The Goldilocks of insight
Getting the balance of information provided is top priority. “It is so easy now with electronic communication to attach whatever information and distribute without thinking,” cautions Jacek. “But this also means we can send too much information. Someone needs to spend time on collating the right information, analysing it, and pointing out exceptions. Being guided by exceptions frees up the board from going systematically through everything which has already been agreed. Here we can very quickly and clearly focus the discussion on what is important.”
Deloitte’s position is that chief executives should be asking the board what is working, whether they are getting the right information, and in the right volume. A few interactions like that will result in the information being tailored as required.
“This is an exciting thing that we have conceived here, and have been developing for a while,” says Jacek. “The intelligent boardroom we create for our clients focuses on integrating information, leveraging,technologies and digited assets to analyse - through machine learning, artificial intelligence and so on - to arrive at a situation where business performance is managed by exception, focusing on deviations from the plan, where they arise, understanding external risks, and if they could be avoided and how to avoid them in future.”

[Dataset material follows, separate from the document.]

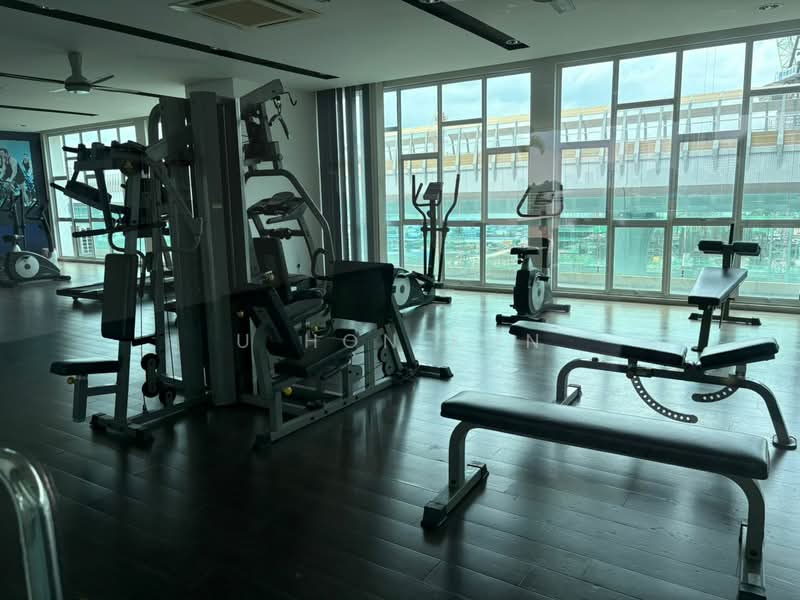 Skysuites @ Meldrum Hills untuk Untuk Disewa - RM 2,000 /bulan, Feb 2026 - Gym - PropertyGuru.com.my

In this way, the intelligent boardroom is a business tool that enhances strategic decision-making. “We are using technology to enable integration of data across our organisations, and also using data to understand what is happening in the market, what competitors are doing, and what factors are shaping the industry. This allows us to have the right perspective to facilitate conversation around strategy.”
Diamonds in the rough
“When we collaborate with clients it is at two levels: Firstly, there is a digital nerve centre level, then the intelligent boardroom on top.” At the first level, there is a data and analytics layer containing the right leading metrics and predictive analytics which draw information from various systems in the organisations, such as ERPs and sensors.

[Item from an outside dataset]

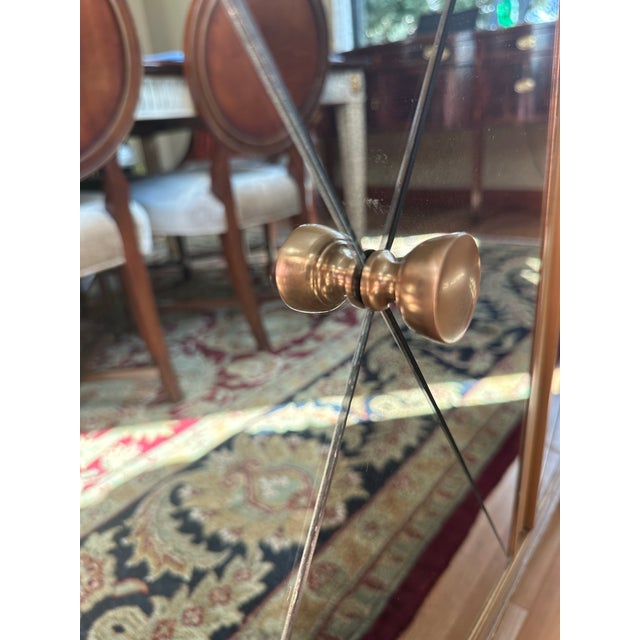 2010s Amelie Horchow Neiman Marcus Mirrored Sideboard Buffet For Sale - Image 5 of 9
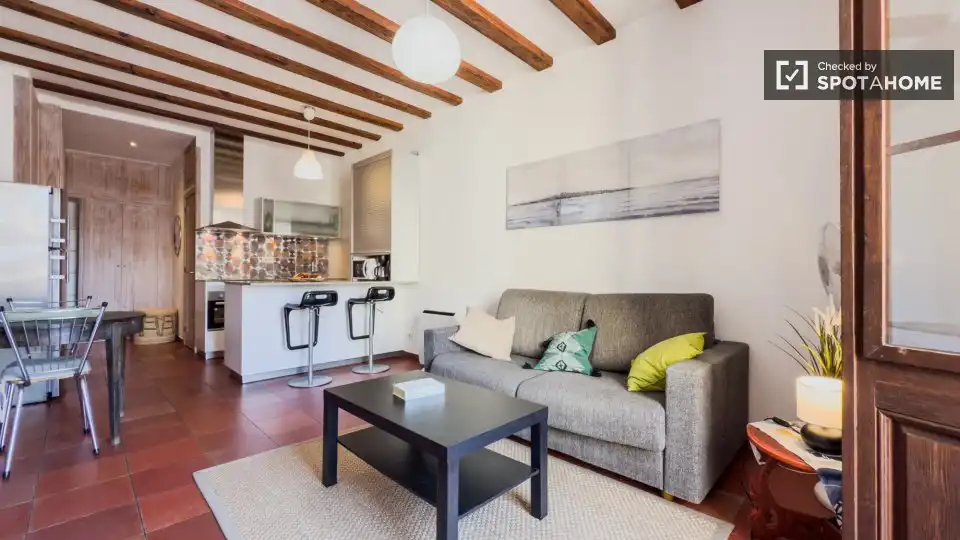 Flat with terrace to rent in Gràcia, imagen 13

“This layer is designed to drive operational excellence, through full visibility of the operations in real time, and across the entire value chain,” he explains.
On top of this, as stated, sits the intelligent boardroom, which is the space between the operations and the corporate structure. “It is, importantly, based on information that is consistent across organisation, one version of the truth that the digital nerve centre provides. Once you have that, you can enable the strategic decision-making, and management of shareholder and stakeholder objectives.”
With an intelligent boardroom in place, Deloitte says clients are better positioned to measure organisational performance against strategy, and interrogate whether their actions are really driving the outcomes they want to see. This lets companies and boards see if they are off-track and how decide how to get back on track, through scenario modelling or planning.
“Then there is the external view,” he adds. “Drivers from outside of your organisation like political, social, technological, economics and environmental factors interact and create "mega-trends" that affect sectors and companies. Having insight on both levels is part of being future-proof. With advanced insight into these metrics, you can assess the health of your strategy for now and the future.
“People say that the data is the commodity of the now, but we say data is a dime a dozen. Data is all around us. Without thinking you can measure something that is not driving the strategy. Rather, we need the "so what", that insight that lets us decide what to do and how to position the company,” says Jacek - and that is like the difference between raw diamonds you wouldn’t even recognise as diamonds, and the sparkling cut jewels that are so prized the world over.